Si vola di gioia. Assaggio di cielo. Però si deve stare attenti al sole. Mai perder di vista la terra. Scendere può essere duro.
E poi le cattive notizie volano, si dice. All’incrocio qualcuno distratto ha abbattuto un muretto. Più lontano un bambino è caduto. È vero, le cattive notizie volano. A volte viaggiano nel silenzio di un grido che aspettiamo e non viene.
C’è da aver paura di quel che è senza corpo qui sulla terra.

Avvenire, 9 maggio 2012

conoscere

Di certo sappiamo che l’indaco è un felice miscuglio di ciano e magenta e che la stalagmite delle Bahamas è cresciuta al ritmo di 10 millesimi di millimetro l’anno.
Da qualche parte dell’universo, ci dicono anche, intere galassie spariscono dentro i buchi neri e nell’Oceano Indiano quasi seimila specie di pesci si affollano mentre nel Mar Morto solo qualche Archeobatterio alofilo fa compagnia a qualche Eubatterio a sua volta alofilo.
Abbiamo poi appreso con sollievo che i neutrini non corrono più veloci della luce come qualcuno pretendeva di sostenere e ci fa un piacere assurdo non dover prendere a martellate il cemento amato del nostro sapere di scuola.
È certo anche che ci sono a spaglio un po’ ovunque malesorti: mangiar polvere e acqua e nell’acqua morire, MareNostrum, mostruoso passare e andare senza lasciare tracce.
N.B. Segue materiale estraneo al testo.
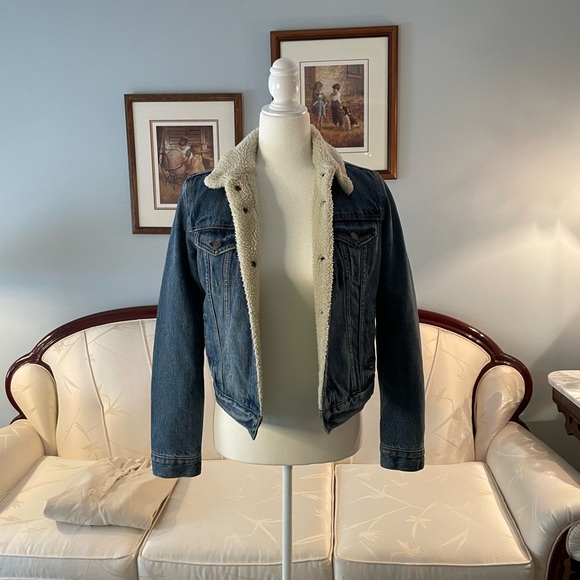 Levi’s Tucker Jacket Sherpa & Jean Jacket - Picture 14 of 16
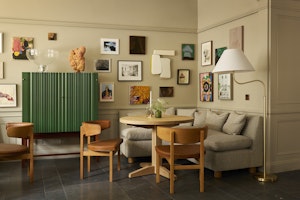 Kitchen Lounge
Anche questo ci raccontano, e vuol farsi strada dentro di noi, ci arriva da tutte le parti, in carta e in onda, e come ci tormenta.
È un bel combattere per non piegarsi a questo che pretende di essere il nostro sapere quotidiano e così, coperti di vergogna, poter continuare a commettere la nostra vita, tutta preterintenzionale, sia chiaro. E chiediamo anche le attenuanti.

Avvenire, 5 maggio 2012

pensare

Dicono che sia la nostra più nobile facoltà. Ci mette proprio in cima alla piramide. Autorizzati solo noi ad accatastare summe, a esser dottori, rettori, chiarissimi e anche monsignori, e a parlare dell’Altissimo.
Piccola rassegna, senza qualità e pretese, di pensieri quotidiani: che faccia, che pancia, non mi entra niente, son tutti ladri, ci rubano il lavoro, e anche delinquenti, non ci si può fidare di nessuno, è sempre la solita storia, fa preferenze, si capisce che c’è dietro qualcosa, quanti anni ha? dove sta? chissà da dove gli arriva, lui ha detto, lei ha detto, forse ha voluto dire, si capiva che era contro di me, invidioso, sempre a pensar male di tutti, ma l’ha detto o non l’ha detto? Cosa ci vuoi fare, così va il mondo, così va il mondo così va il mondo.
Scrosciare di chiacchiera chiusa, intima, che ci svigorisce, offende, ammala.
E grazie al cielo, come ombra sognata nell’abbaglio che spiana e livella i nostri desideri, arrivano i pensieri della cura, dovuta e insieme amata: vado a prenderlo a scuola, le faccio una sorpresa stasera, prendo il pane fresco, un mazzo di asparagi per tutti noi intorno al tavolo, a raccontare il giorno.
Quanti pensieri, numerati dal mattino alla notte, coltivano la nostra nobile facoltà?
«Radice dei pensieri è il cuore» (Sir 37,17)

Avvenire, 4 maggio 2012

cantare

Non è necessaria la voce limpida e accordata. Il cuore leggero però sì. E nemmeno un pubblico è obbligatorio. Però a qualcuno ci si rivolge.
È un traboccare di noi. Come una creazione. Non poter trattenere quel che siamo. Regalarsi alla vita che ci avvolge.
Canta il corpo, dice l’amica soprano, tutto il corpo. Se non c’è armonia di sé non c’è bel canto. Né se manca l’amore di sé. E gli altri? Si canta quando non si odia, non si è arrabbiati, non si tiene il broncio, non si prova rancore. Almeno un po’ di benevolenza è richiesta. Quel che basta.
Ogni organo fa la sua parte, dice l’amica. Non tutti gli organi hanno un nome musicale: laringe, diaframma, bronchi, viscere anche. Non importa. Tutti fan corolla alla voce che si disperde senza far conti, segreto della vita nascosta del corpo che diventa quasi spirito, avviso di quel che sarà.
E anche la volontà c’entra, è sicuro. Non si canta sopra il pianto straniero del mondo, oppure a sovrastare la pena di un silenzio che va prima esaudito.
Bisogna volere una storia nuova, per poter cantare. E lavorare con mani e piedi e intelligenza e volontà a questa storia. Per questo, ed è bellissimo, chi lavora, può cantare.
«Saldo è il mio cuore, Dio,
saldo è il mio cuore:
voglio cantare inni, anima mia» (Sal 108, 2).